Silent filmmaker Richard Norman first found success with local productions of a film called The Wrecker, featuring white casts living and working in the Midwestern and Southern towns he visited during the late 1910s. During this period, he lived and worked for a time in Chicago, home to a bustling community of African American artists, musicians and filmmakers – including one Oscar Micheaux, widely regarded as the father of black film.
Having befriended Micheaux (at least via letters) and intrigued by the niche market potential of “race films” starring black actors playing all roles – heroes and villains, alike – Norman set about a new genre of film. He took a chance on the localized successes of The Wrecker, retooled the script, hired an all-black cast and produced The Green Eyed Monster in 1919.
It was a bit of a risk that initially proved a failure. African American audiences responded favorably to the dramatic story of racial uplift and achievement expressed in the film, but were unimpressed with the new comedic elements. So, Norman headed back into the editing room, cutting the comedic elements and remixing them into their own slapstick romantic comedy called The Love Bug. In 1920, he re-released The Green Eyed Monster as a dramatic film and often screened The Love Bug as a pre-feature extra. The combination proved successful.

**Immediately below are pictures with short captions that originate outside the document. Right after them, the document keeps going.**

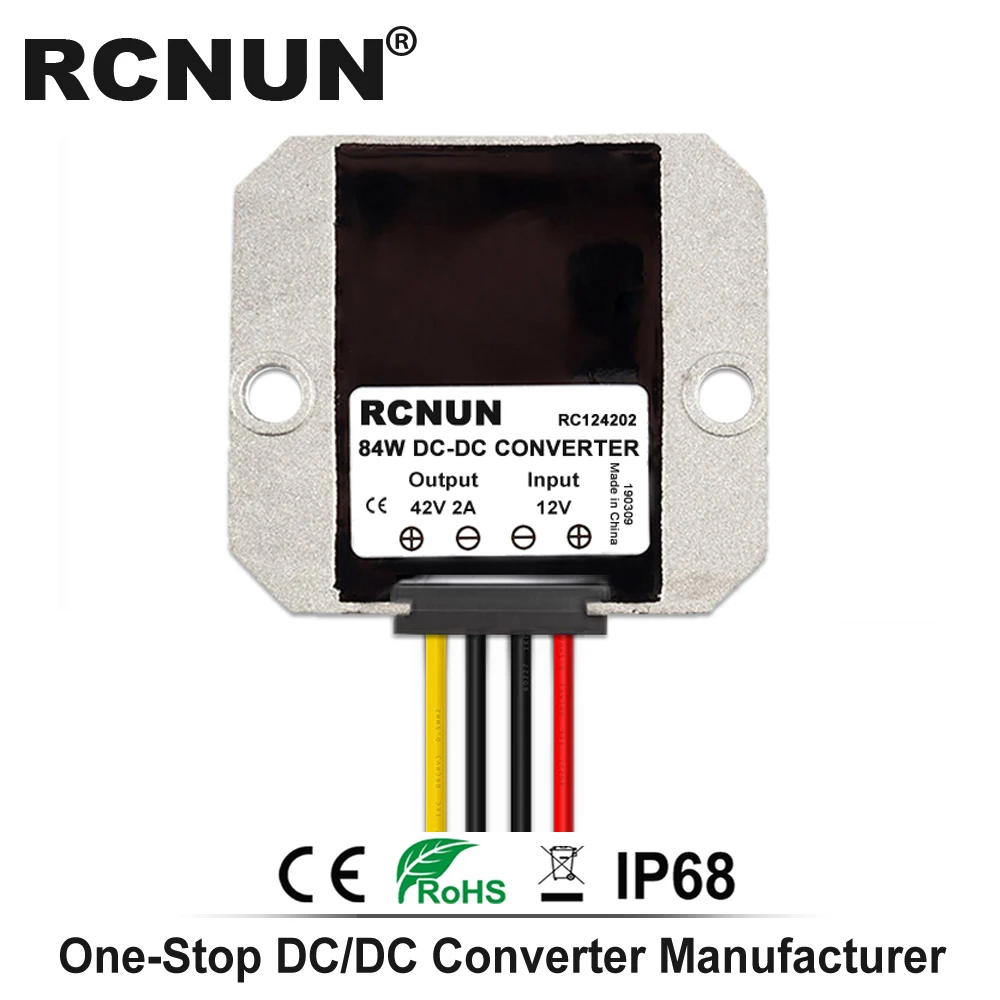 Новое поступление DC 9-30V 12V to DC 42V 2A преобразователь питания используется для 36V зарядное устройство, Двойная Батарея системы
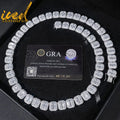 13 мм колие с верижка от моисанит S925 сребро багети за мъже, бижута Iced Out Chain Hip Hop, с диаманти, тестер с GRA Free S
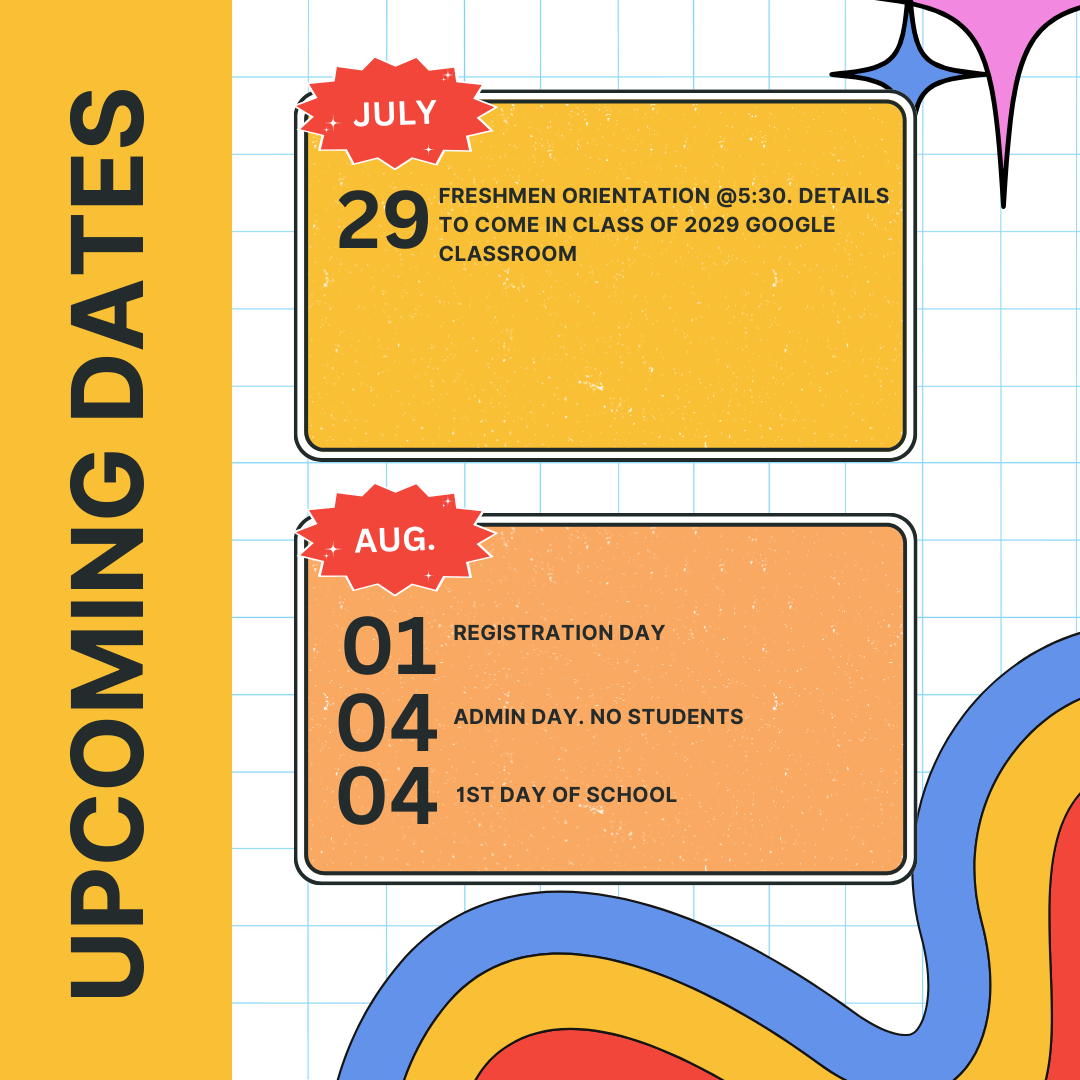 Upcoming Summer Dates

In fact, so successful was The Green Eyed Monster in distribution that George P. Johnson of the Lincoln Motion Picture Co., a contemporary of Norman Studios also producing race films, called it the “most sensational negro film made.”
“Sensational” certainly is an apt description. The Green Eyed Monster centers on a passionate love triangle and a cut-throat competition between two train companies to land a high-dollar mail contract. Scenes included a rescue from burning car, fist fights, a pistol duel, an abduction, a locomotive chase, and a violent train wreck reported to cost $80,000 to produce – a fortune in those days. Unfortunately, no known clips of the film survive.
The Green Eyed Monster also was the film debut for Steve “Peg” Reynolds, the longtime friend and “one-legged marvel” who would appear in all of Norman’s race films and accompany him to promote film premieres.